- **TASK TO CARRY OUT**
Without any pictures, reproduce exactly the lines running from the line containing "Lexikon české šlechty II." through the end of the entries.

- **DATA SUPPLIED**
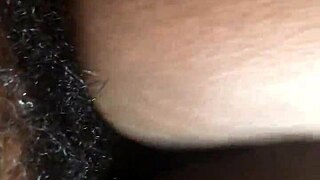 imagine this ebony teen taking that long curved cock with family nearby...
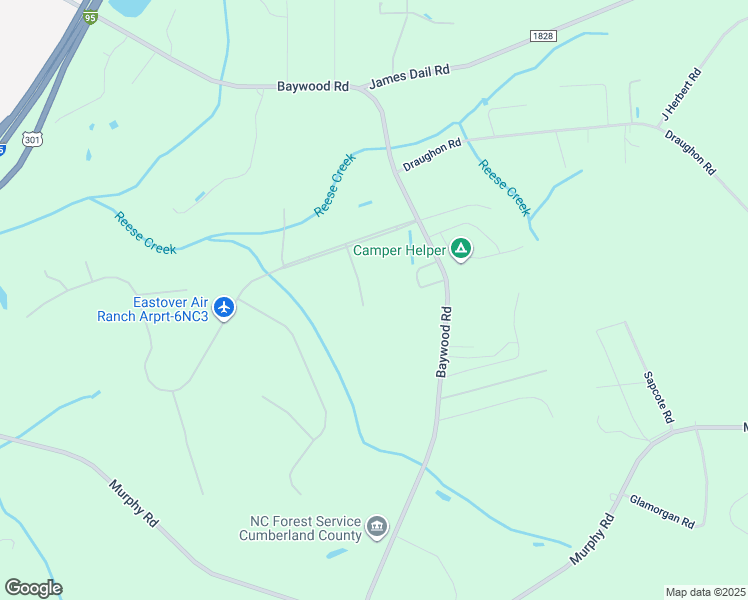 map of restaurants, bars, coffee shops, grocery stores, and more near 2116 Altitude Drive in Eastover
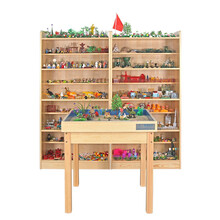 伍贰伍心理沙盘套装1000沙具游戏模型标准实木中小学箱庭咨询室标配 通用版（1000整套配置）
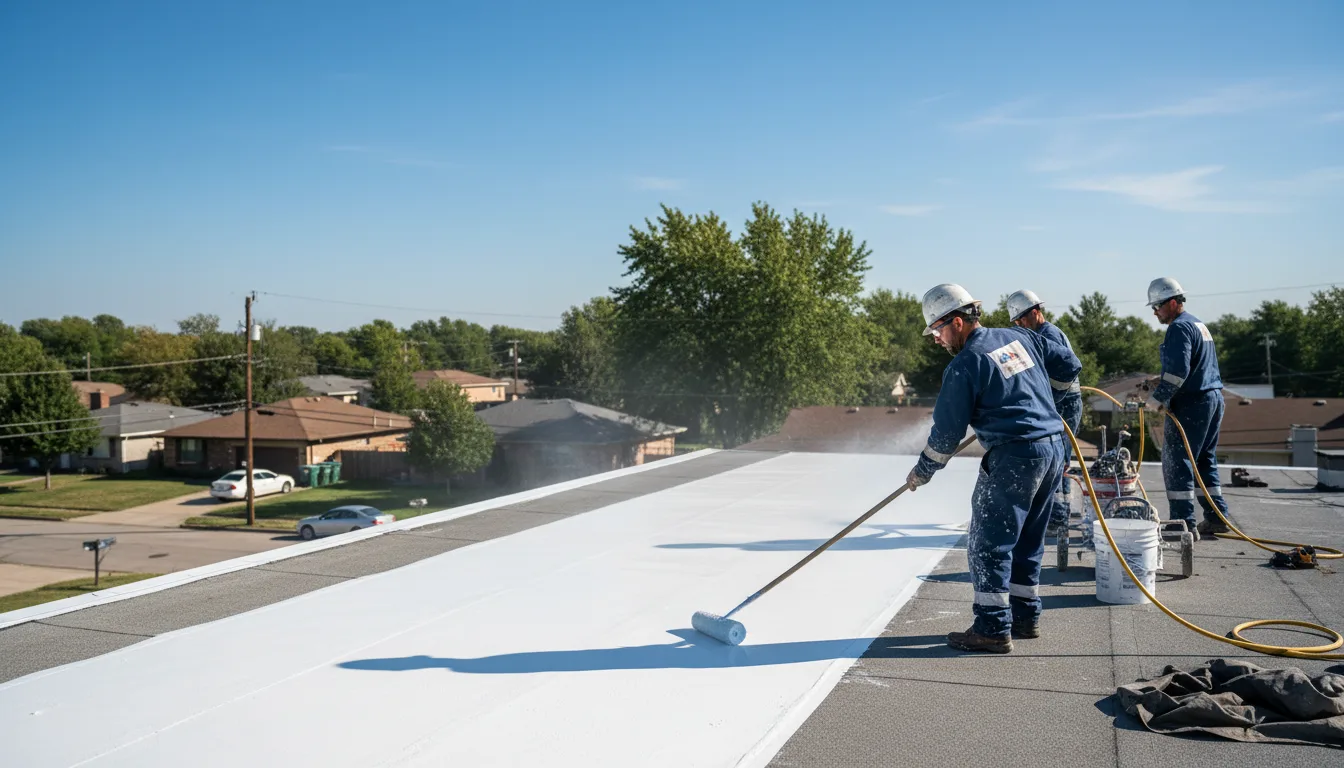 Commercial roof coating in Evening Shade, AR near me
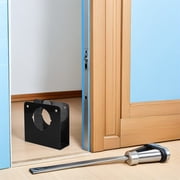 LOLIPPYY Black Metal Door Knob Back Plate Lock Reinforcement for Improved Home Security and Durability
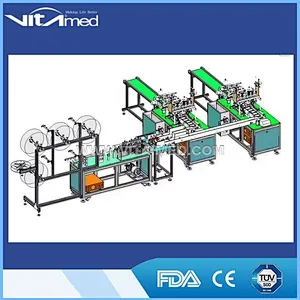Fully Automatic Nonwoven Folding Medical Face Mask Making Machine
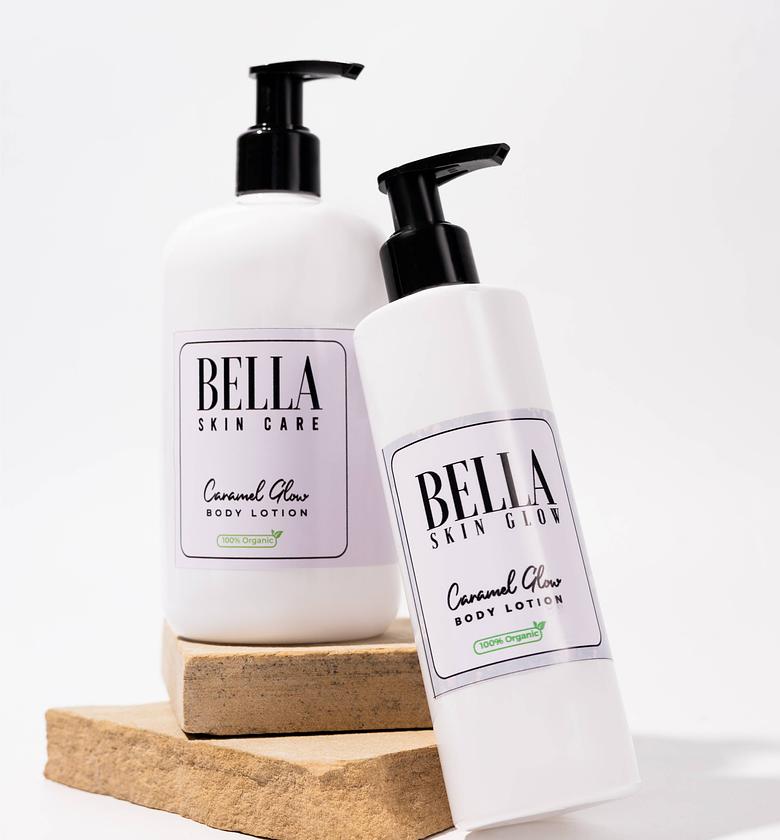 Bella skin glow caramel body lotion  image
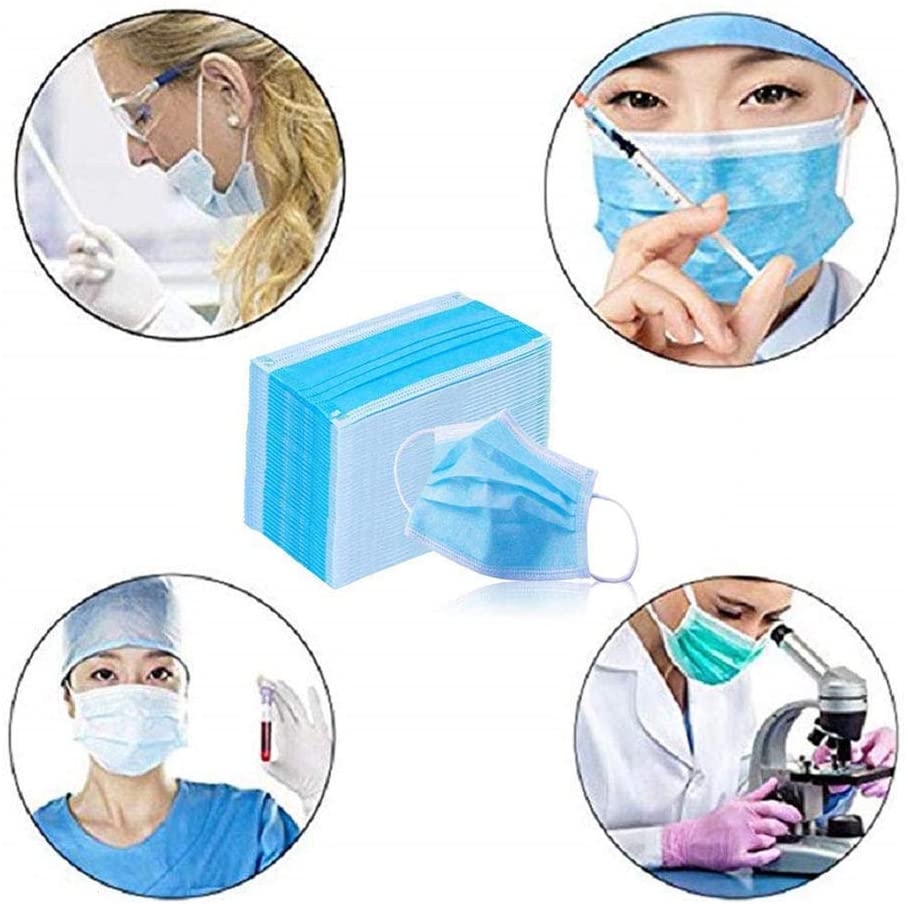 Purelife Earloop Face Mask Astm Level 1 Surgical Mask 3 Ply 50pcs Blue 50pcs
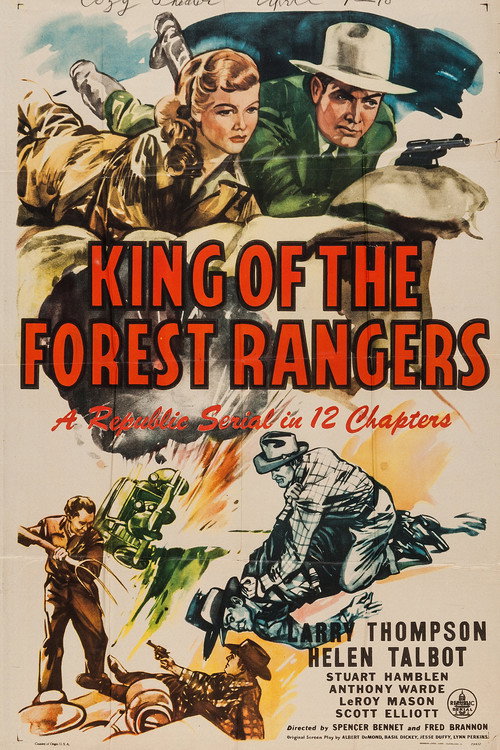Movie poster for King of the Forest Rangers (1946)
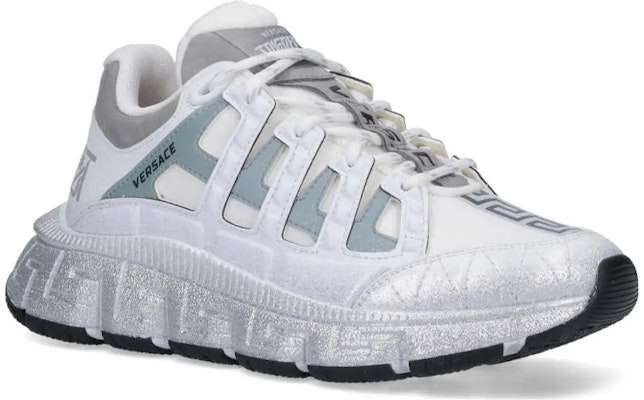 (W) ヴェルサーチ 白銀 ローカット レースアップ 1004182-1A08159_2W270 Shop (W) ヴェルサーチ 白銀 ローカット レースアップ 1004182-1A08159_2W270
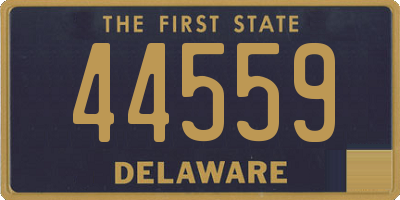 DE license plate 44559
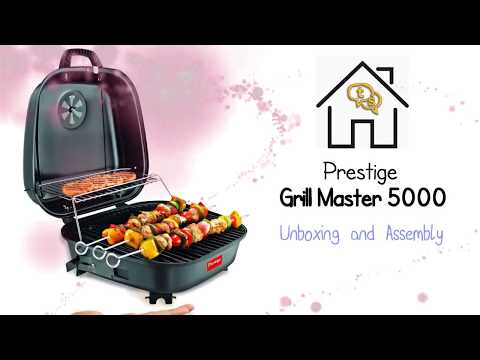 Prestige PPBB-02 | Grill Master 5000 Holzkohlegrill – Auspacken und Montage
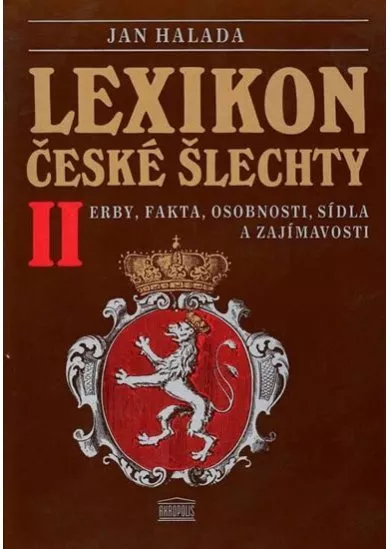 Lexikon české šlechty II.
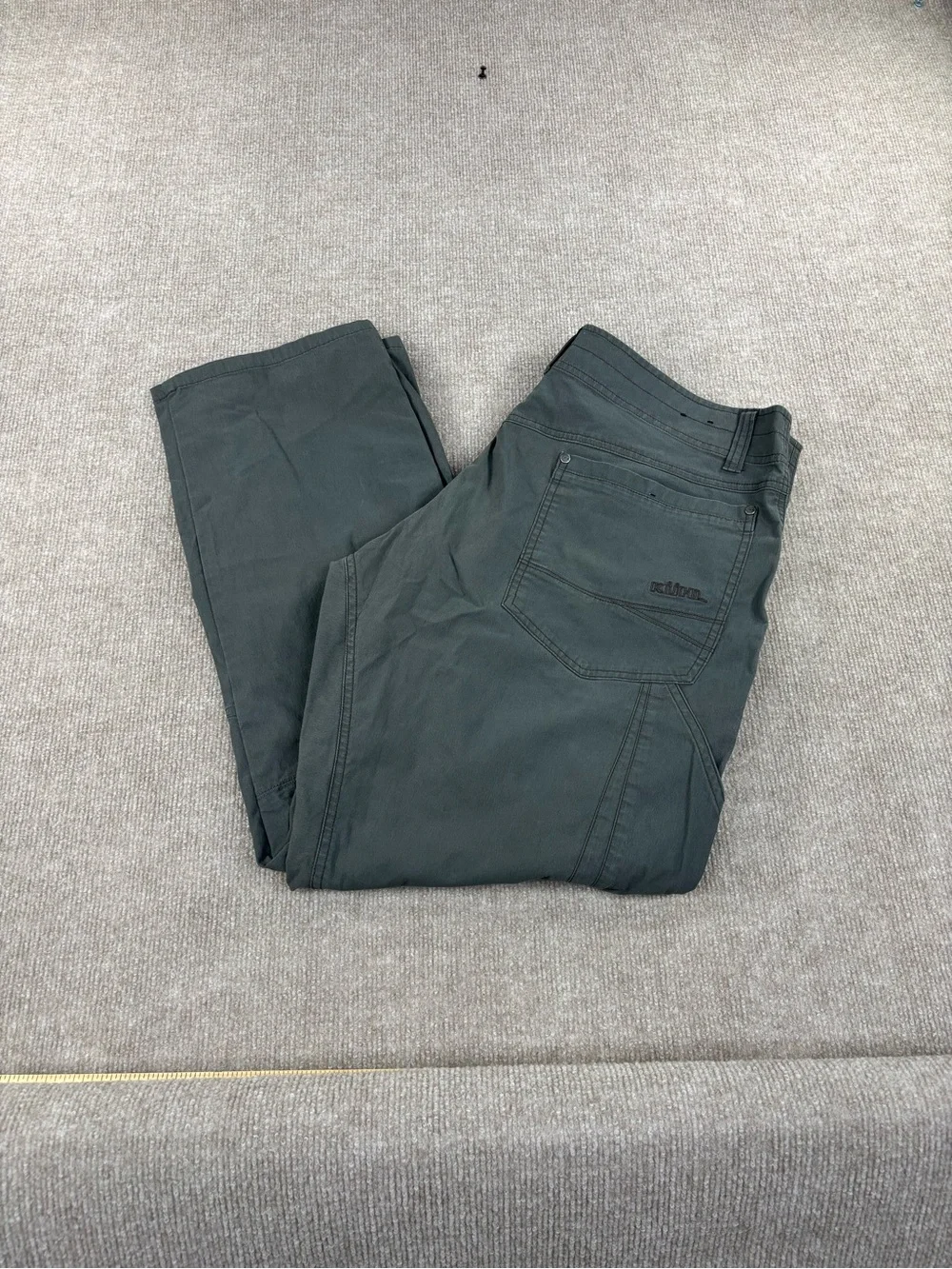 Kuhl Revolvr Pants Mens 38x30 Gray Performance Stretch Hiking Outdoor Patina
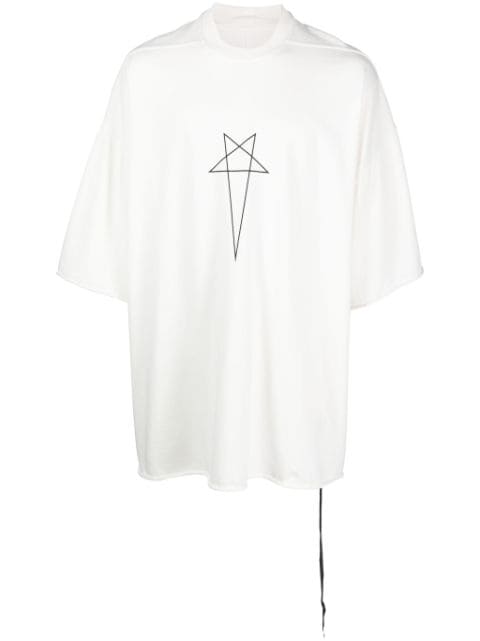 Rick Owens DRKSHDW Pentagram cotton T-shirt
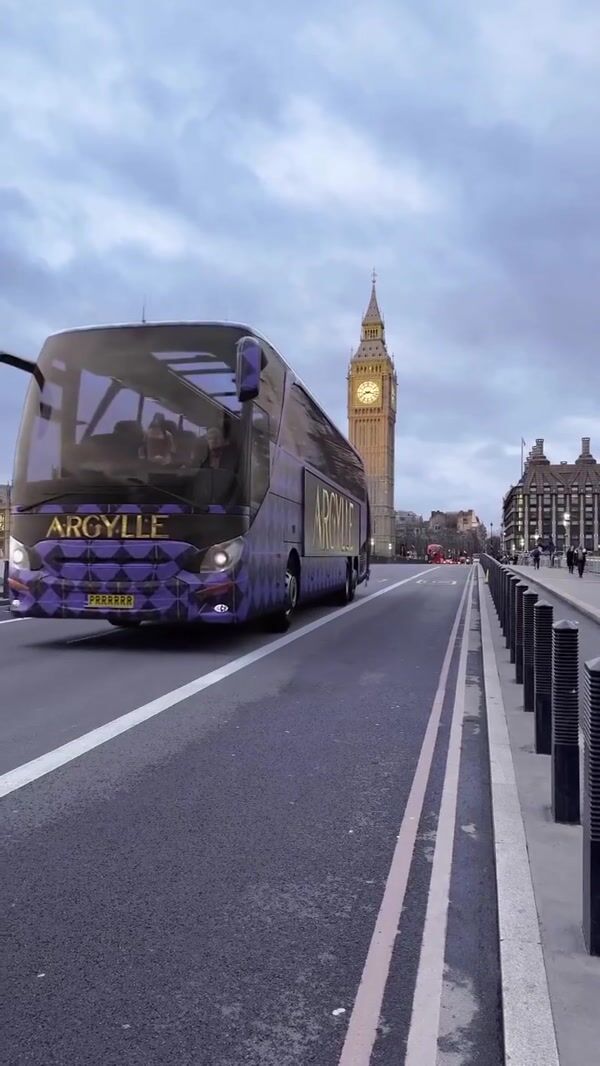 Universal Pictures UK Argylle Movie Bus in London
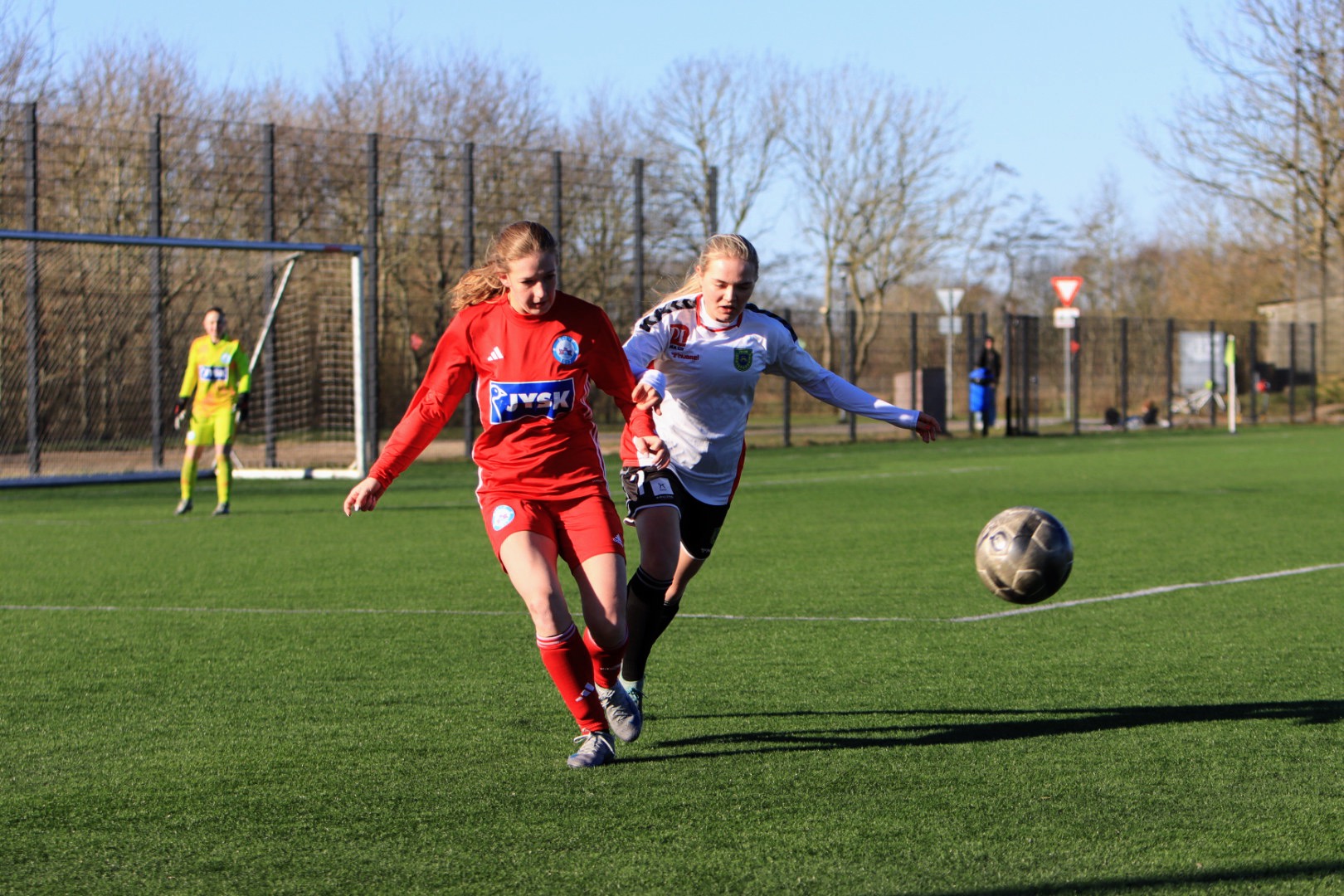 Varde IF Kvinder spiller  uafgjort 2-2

- **EXERCISE RESULT**
 Lexikon české šlechty II.
 Kuhl Revolvr Pants Mens 38x30 Gray Performance Stretch Hiking Outdoor Patina
 Rick Owens DRKSHDW Pentagram cotton T-shirt
 Universal Pictures UK Argylle Movie Bus in London
 Varde IF Kvinder spiller  uafgjort 2-2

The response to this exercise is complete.